§ Prompt:
Repeat the records below exactly, from the first line through the line containing "So real quick, you're", and leave out any pictures.

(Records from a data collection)

________________________________________

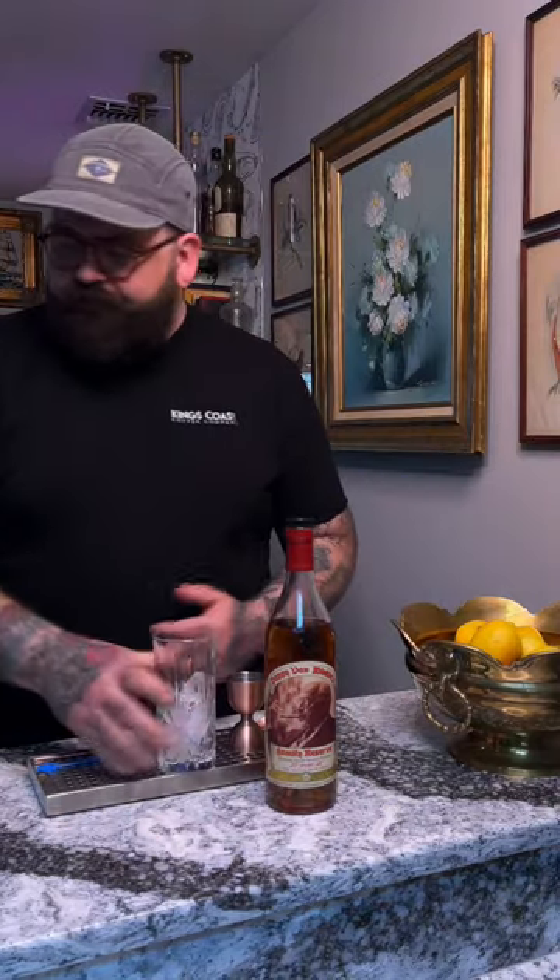Happy April everybody! It's time to make one of my favorite cocktails — a really easy one you can make at home. This recipe is so simple, all it takes is two ingredients you can pretty much find anywhere: a little bit of bourbon, a little bit of Coke. Step one, get a highball glass and fill it with some ice — big cubes, little cubes, whatever you like.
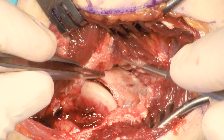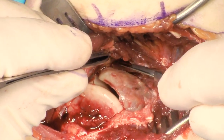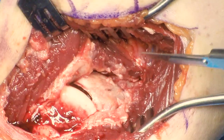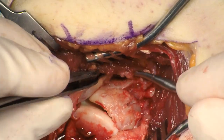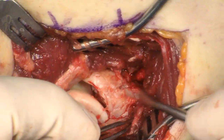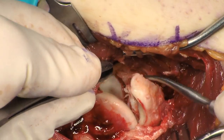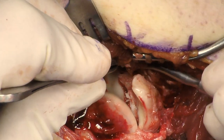Subperiosteal dissection is then taken radially on the coronoid. The extent of the comminution can be visualized. The fracture pattern is assessed. Fracture reduction can be achieved with some simple manipulation of the fragments. Temporary fixation with K-wires is not typically necessary — the plate usually reduces the fracture.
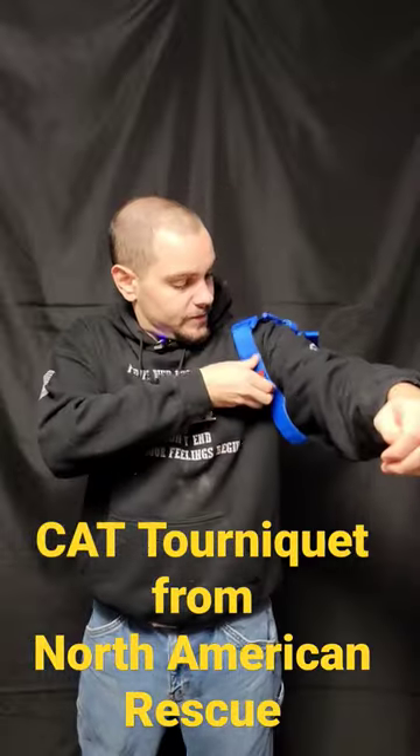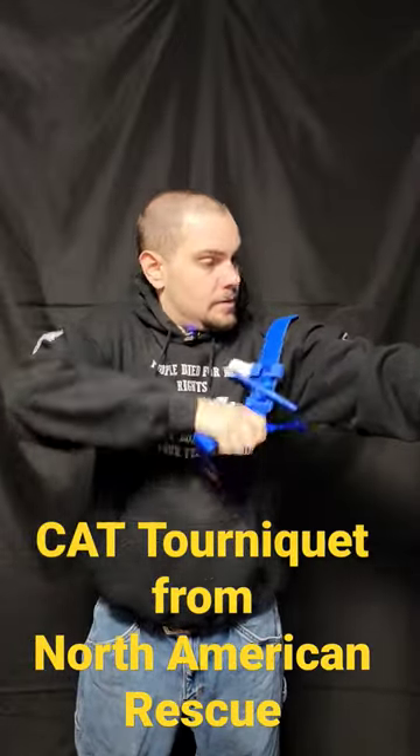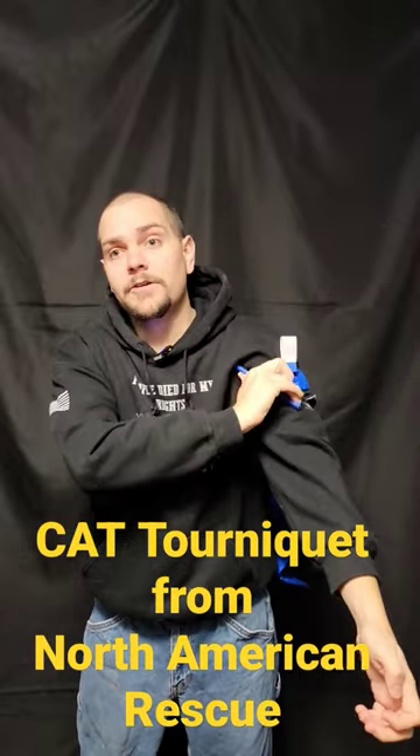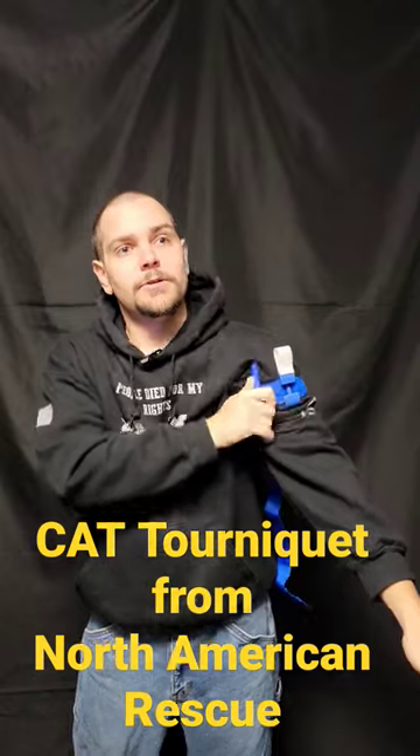So real quick, you're going to deploy these, wrap it over the affected limb, grab the pull tab, pull as tight as you can. Make sure when you're doing this, this tourniquet's as high as you can — because it's either high or die. That's what you got to remember when you're dealing with tourniquets.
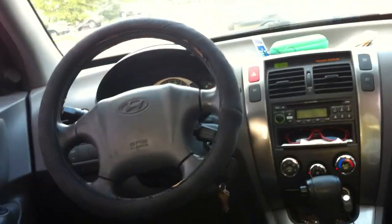Let's check out the back seat. The back seats are folded down, so I'm not going to sit in them. Storage down below. The back seats are folded down in this one, so can't really check out the back seat.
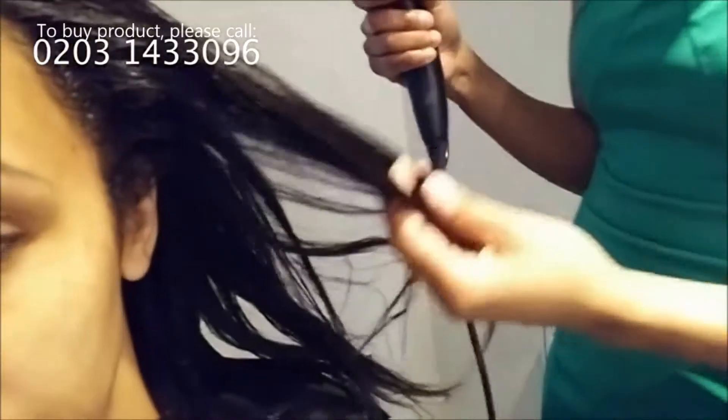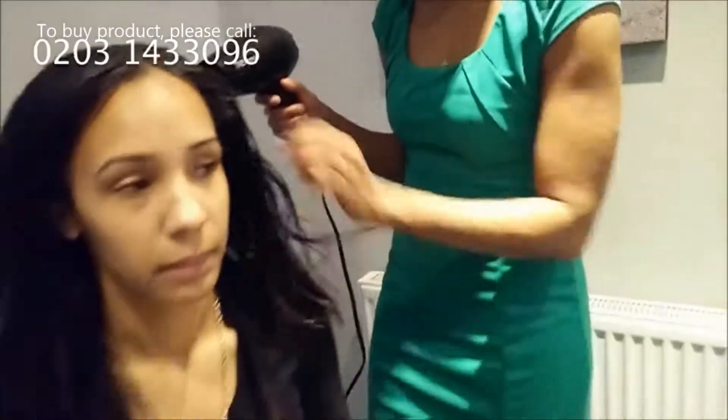Our Hydrating Mist is a water-based product. It contains aloe vera and lots of water so you can refresh your hair and freshen it up the next morning or the night before without leaving a greasy film on your hair.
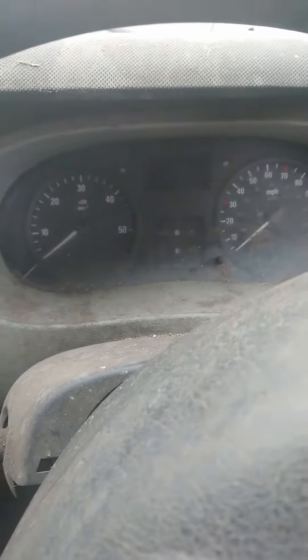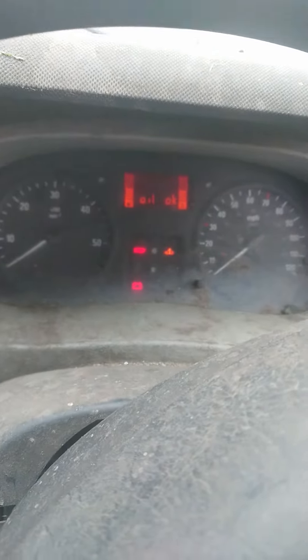So we've got an Iveco Daily 04 plate, 2.5 - it's either an injector or a cylinder issue. Got to take it down to the garage to have a look. Anyway, yeah, this is just some of the symptoms if you've got these - see what happens.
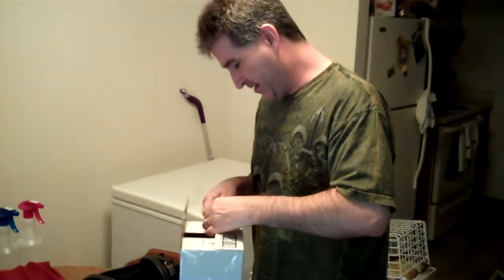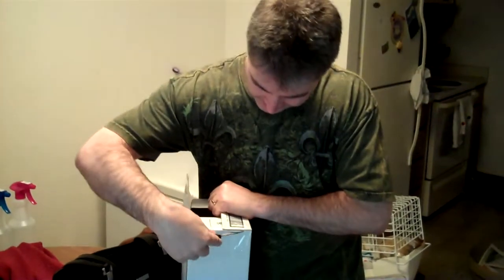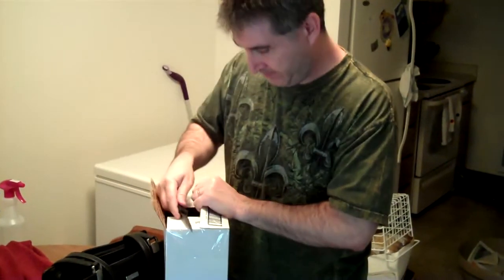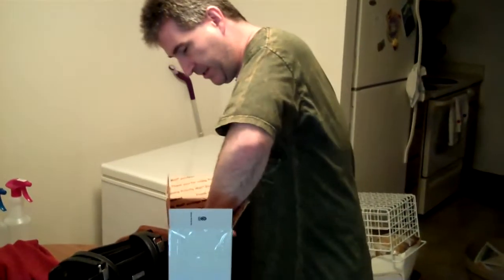Use the knife that God gave me. I'm Edward Scissorhands. Okay, check out what's in here.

________________________________________

§ Exercise output:
Happy April everybody! It's time to make one of my favorite cocktails — a really easy one you can make at home. This recipe is so simple, all it takes is two ingredients you can pretty much find anywhere: a little bit of bourbon, a little bit of Coke. Step one, get a highball glass and fill it with some ice — big cubes, little cubes, whatever you like.
Subperiosteal dissection is then taken radially on the coronoid. The extent of the comminution can be visualized. The fracture pattern is assessed. Fracture reduction can be achieved with some simple manipulation of the fragments. Temporary fixation with K-wires is not typically necessary — the plate usually reduces the fracture.
So real quick, you're going to deploy these, wrap it over the affected limb, grab the pull tab, pull as tight as you can. Make sure when you're doing this, this tourniquet's as high as you can — because it's either high or die. That's what you got to remember when you're dealing with tourniquets.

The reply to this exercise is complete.